Carpineto et al. (Carpineto et al., 2016) detected D315 cl-caspase-9, and other apoptotic signaling proteins, in subretinal fluid from patients with rhegmatogenous retinal detachment (RRD). Rhegmatogenous detachments are caused by a hole or tear in the retina, which allows fluid to accumulate in the subretinal space, requiring emergency treatment by intraocular surgery. The study associated increased levels of cl-caspase-9 with severity and duration of retinal detachment. Retinal detachment uncouples photoreceptors from choroidal circulation, resulting in hypoxic injury and neuronal death. Data on cellular localization of caspase-9 in human retinal detachments is limited to a study from Hisatomi et al. (Hisatomi et al., 2008), who showed colocalization of cl-caspase-9 with TUNEL+ photoreceptors in four retinas from donors with retinal detachment. However, it is not clear if degenerating photoreceptors are the primary source of cleaved caspase-9 in subretinal fluid from RRD. Intriguingly, it is endothelial caspase-9 activity that regulates severity of retinal detachment and subsequent photoreceptor injury in mouse studies (Avrutsky et al., 2020). XIAP overexpression confers neuroprotection in rodent and feline injury models (Zadro-Lamoureux et al., 2009; Wassmer et al., 2017), and pharmacological inhibition of caspase-9 by Pen1-XBir3 reduces severity of retinal detachment in mouse retinal vein occlusion (Avrutsky et al., 2020), supporting caspase-9 activity as a potential therapeutic target for retinal detachments. Pharmacological interventions aimed at reducing apoptotic signaling may confer therapeutic benefit in patients awaiting ocular surgery.

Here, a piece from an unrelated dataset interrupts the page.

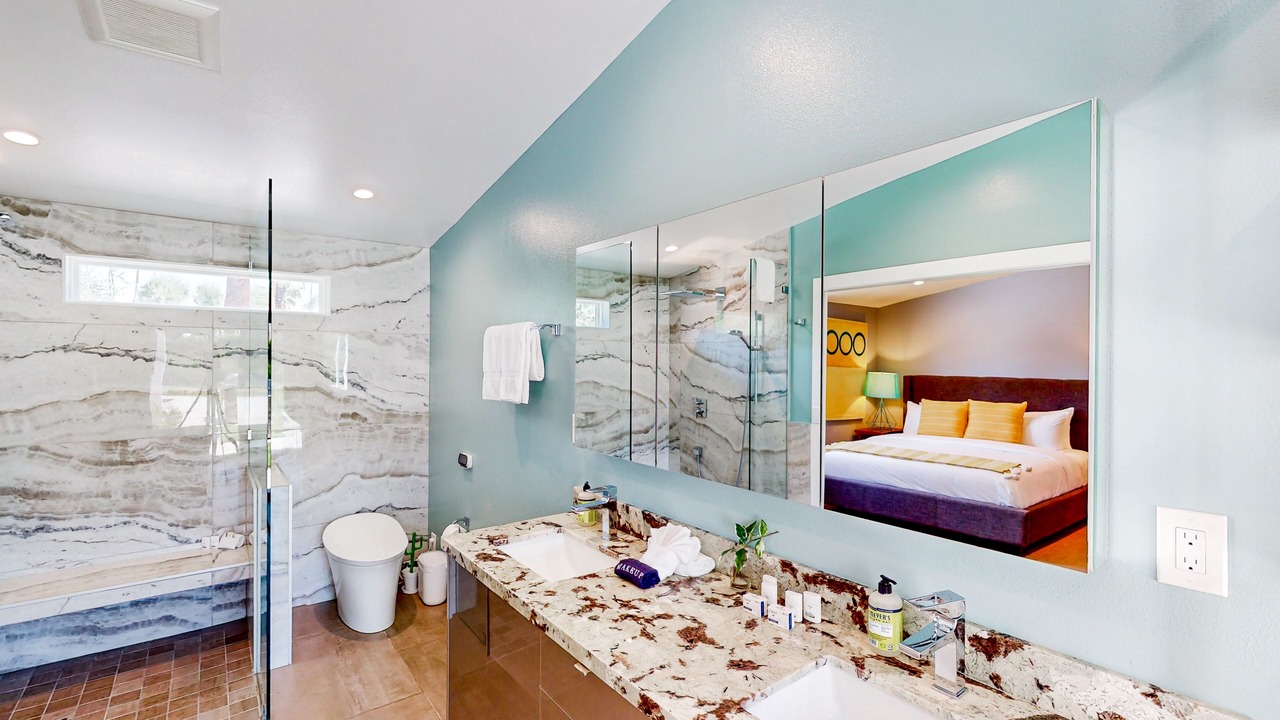Photo of Bathroom in Palm Springs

Such an approach is being tested with an antiapoptotic Fas receptor antagonist (ONL1204), which recently entered clinical development as a complementary therapy for treating RRD (Krishnan et al., 2019). Therapies targeted at caspase-9 signaling may provide an alternative approach for inhibiting detachment-induced photoreceptor injury.

Caspase-9 activation also occurs in retinal ganglion neurons in patients with type 2 diabetes (Oshitari et al., 2008) and in patients with glaucoma (Yang et al., 2011). To date, studies of caspase-9 in ocular disease have focused on photoreceptors and ganglion neurons, and unbiased profiling of caspase-9 signaling may reveal a broader cellular signature of caspase-9 involvement in ocular disease. Present studies support the pro-apoptotic role of caspase-9 as a mediator of neuronal cell death in both cerebral and retinal pathologies, and future interventional studies in animal models of glaucoma and diabetic retinopathy can help discern the therapeutic potential of caspase-9 inhibition for attenuating retinal pathologies.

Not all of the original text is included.